It’s been quite some time since we last checked in with the genteel racist and Holocaust-denier who calls herself The Thinking Housewife. Flipping through her blog archive today, I could not find it in me to click on posts with such unappetising titles as “Usury and Homosexuality” and “Martin Luther King: Commie Fraud.”

But her recent post on lady astronauts got my attention. In it, Laura Wood (her real name, evidently), throws some reactionary shade at NASA for the unforgivable sin of training four women for space work and a possible trip to the Red Planet.

As Wood sees it, Mars does NOT need women, because a trip to yucky Mars pales in comparison to the joys of full-time housewifery.

[T]he things these women could accomplish within the dramatic and exciting Inner Space of their own homes so dwarfs what they could accomplish on Mars (where they won’t be going anyway), that the very suggestion is an outrage.

Wait, I thought Innerspace was the movie in which Dennis Quaid got shrunken down to microscopic size, Fantastic Voyage style, and accidentally injected into Martin Short?

Who would trade insipid, lifeless, finite Mars (Yuck!! Revolting!!) for the chance to create and influence human beings, each one of whom is a fascinating planet, an eternal sphere of consummate adventure, a being that is utterly unique and made in God’s image?

Apparently, God is a tiny bald, incontinent person who can barely walk straight and communicates mainly through shrieks and vomiting, yet is somehow also adorable?

If that isn’t power, what is?

Uh, being president? I mean, having a kid is a momentous thing, for mothers and fathers alike, and fulfilling in many ways that even being president or taking a trip to freakin Mars couldn’t ever be. (Or so I’ve heard.) But it’s not power.

And seriously, if the thing you value most about your children is that they’re small enough to boss around, you’re probably not cut out to be a parent. Go run for president, or something.

God gave men galaxies and distant planets and asteroids to compensate them for the misfortune — and unfairness — of never being able to become mothers.

And God says this where? I’m a dude with no uterus, and I never got my owner’s certificate for everything in the sky.

Outer Space takes their minds off the unfairness of it all, something women have been kind enough to recognize in the past by not denying those who have dreamed of being astronauts since they were little boys of the chance to experience the “vomit comet.”

I’m just going to let J-Law here handle my response:

Eventually we will communicate entirely through Jennifer Lawrence reaction gifs
Eventually we will communicate entirely through Jennifer Lawrence reaction gifs

Dudes, if you’re truly furious that some darn woman has stolen what should rightfully be your spot on the “vomit comet” — the affectionate name for the plane in which astronauts first get used to the joys of zero gravity — you can actually just pay these guys to have the very same experience.

Women don’t want it anyway.
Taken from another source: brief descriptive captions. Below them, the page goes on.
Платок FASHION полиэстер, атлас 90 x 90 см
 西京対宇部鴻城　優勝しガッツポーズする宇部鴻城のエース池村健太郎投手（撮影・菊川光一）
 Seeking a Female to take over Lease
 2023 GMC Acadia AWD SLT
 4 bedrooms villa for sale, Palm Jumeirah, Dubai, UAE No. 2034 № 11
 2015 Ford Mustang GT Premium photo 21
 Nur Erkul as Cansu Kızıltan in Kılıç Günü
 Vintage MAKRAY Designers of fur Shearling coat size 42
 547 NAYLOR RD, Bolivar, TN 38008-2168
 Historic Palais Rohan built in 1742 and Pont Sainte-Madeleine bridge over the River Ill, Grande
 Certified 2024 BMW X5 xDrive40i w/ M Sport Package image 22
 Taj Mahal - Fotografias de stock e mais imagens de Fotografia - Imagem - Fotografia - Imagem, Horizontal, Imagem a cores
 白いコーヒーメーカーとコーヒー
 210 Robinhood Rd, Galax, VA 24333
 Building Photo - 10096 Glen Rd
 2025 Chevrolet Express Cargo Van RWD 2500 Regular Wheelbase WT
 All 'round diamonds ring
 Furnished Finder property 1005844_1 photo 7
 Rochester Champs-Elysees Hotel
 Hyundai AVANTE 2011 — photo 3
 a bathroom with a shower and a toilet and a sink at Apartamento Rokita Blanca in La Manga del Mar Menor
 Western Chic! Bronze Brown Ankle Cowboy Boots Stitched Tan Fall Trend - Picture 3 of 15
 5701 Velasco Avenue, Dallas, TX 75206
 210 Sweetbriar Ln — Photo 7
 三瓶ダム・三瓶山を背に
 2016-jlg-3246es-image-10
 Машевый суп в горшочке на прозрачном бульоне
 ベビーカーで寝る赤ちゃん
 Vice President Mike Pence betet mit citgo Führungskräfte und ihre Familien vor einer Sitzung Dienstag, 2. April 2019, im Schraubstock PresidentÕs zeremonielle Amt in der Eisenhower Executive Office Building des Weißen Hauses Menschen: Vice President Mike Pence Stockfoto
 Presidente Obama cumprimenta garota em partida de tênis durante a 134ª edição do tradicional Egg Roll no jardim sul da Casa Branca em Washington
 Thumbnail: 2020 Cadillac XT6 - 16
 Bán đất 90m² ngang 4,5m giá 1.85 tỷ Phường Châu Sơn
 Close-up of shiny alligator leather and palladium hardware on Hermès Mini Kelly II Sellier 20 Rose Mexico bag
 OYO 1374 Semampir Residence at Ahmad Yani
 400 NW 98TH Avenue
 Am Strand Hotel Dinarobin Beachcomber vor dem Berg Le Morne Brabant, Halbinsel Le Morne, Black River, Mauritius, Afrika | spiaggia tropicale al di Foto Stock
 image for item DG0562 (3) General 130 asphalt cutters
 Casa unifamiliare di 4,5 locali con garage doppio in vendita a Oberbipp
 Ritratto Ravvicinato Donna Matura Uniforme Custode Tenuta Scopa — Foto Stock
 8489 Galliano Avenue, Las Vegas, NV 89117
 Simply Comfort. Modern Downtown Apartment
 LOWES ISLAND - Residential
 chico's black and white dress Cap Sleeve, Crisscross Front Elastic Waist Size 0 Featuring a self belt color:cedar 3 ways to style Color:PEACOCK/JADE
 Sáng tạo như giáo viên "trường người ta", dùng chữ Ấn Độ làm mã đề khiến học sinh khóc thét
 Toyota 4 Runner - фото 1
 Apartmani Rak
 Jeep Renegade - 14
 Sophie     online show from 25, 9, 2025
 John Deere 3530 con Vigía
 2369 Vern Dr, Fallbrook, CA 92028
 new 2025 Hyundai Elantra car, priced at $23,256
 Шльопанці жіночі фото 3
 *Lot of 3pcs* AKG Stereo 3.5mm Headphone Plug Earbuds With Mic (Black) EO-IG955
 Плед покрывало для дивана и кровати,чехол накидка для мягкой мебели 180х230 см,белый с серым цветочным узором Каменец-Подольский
If someone came to my door when my children were young, blossoming creatures and said, “Hey, lady, you have just won a trip to Mars!,” I would have told him to get lost. I would do the same now.

Uh, yeah, and so would I. But I’m not all men, and you’re not all women, and neither of us has the right to be making these decisions for other people.

I just hope that Mars turns out to be as cool as the moon.

Far freakin out!
Far freakin out!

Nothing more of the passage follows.